Concerto dei Barocchisti, venerdì per la rassegna Voci e Not(t)e del Cinema Teatro. “Senza pubblico ci si sente un po’ persi, isolati” ha spiegato Fasolis
Era alla Fenice di Venezia, Diego Fasolis, con ‘Ottone in villa’ di Antonio Vivaldi: la prima opera del compositore veneziano e «credo la prima opera in teatro in Europa dopo il lockdown: un po’ duro tra protezioni, mascherine, distanziamenti ma ce l’abbiamo fatta» ci racconta Fasolis che venerdì alle 21.30 – sabato alla stessa ora in caso di brutto tempo – sarà in scena con i suoi Barocchisti per la rassegna Voci e Not(t)e del Cinema Teatro di Chiasso (prenotazione obbligatoria entro la mezzanotte di oggi sul sito www.centroculturalechiasso.ch).

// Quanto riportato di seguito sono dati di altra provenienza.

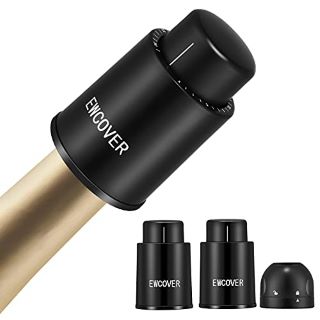 38 X EWCOVER VACUUM WINE STOPPERS GIFT SET, 2 PACK VACUUM WINE SAVER WITH TIME SCALE AND 1 PACK CHAMPAGNE STOPPER - TOTAL RRP £256: LOCATION - A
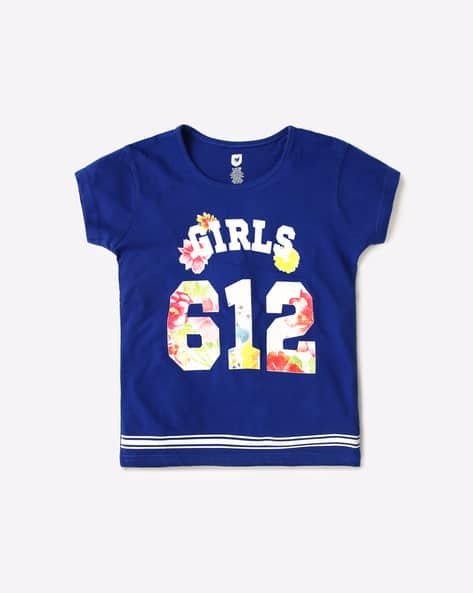 612 League Typographic Print Round-Neck Top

La Fenice, il teatro distrutto dal fuoco e risorto dalle ceneri: un bel luogo per riprendere a fare musica.
È stato anche il motivo per cui, quando mi hanno chiesto di dirigere anche un concerto, ho proposto il fuoco e l’acqua di Händel, con le suite di ‘Water Music’ e ‘Royal Fireworks Music’. È stato emozionante: suonare nella platea libera da sedie, con il pubblico intorno e questo scheletro di una nave in via di costruzione… è venuta giù qualche lacrimuccia, diciamocelo!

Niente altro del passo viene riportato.